◆ **DATA SHOWN**:
———
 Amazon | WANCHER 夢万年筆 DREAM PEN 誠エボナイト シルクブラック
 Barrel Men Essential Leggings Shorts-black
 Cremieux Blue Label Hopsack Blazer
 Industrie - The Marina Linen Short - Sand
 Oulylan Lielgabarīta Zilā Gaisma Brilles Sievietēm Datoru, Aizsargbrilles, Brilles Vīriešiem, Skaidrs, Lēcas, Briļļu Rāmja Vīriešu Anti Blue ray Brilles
———
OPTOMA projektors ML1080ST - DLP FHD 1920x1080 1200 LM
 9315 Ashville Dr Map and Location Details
———
◆ **THE PROBLEM**: In the records above, the line with "Amazon | WANCHER" marks the start and the line with "Oulylan Lielgabarīta Zilā" marks the end; copy that stretch exactly, both lines included, and nothing else.

◆ **TASK RESULT**:
 Amazon | WANCHER 夢万年筆 DREAM PEN 誠エボナイト シルクブラック
 Barrel Men Essential Leggings Shorts-black
 Cremieux Blue Label Hopsack Blazer
 Industrie - The Marina Linen Short - Sand
 Oulylan Lielgabarīta Zilā Gaisma Brilles Sievietēm Datoru, Aizsargbrilles, Brilles Vīriešiem, Skaidrs, Lēcas, Briļļu Rāmja Vīriešu Anti Blue ray Brilles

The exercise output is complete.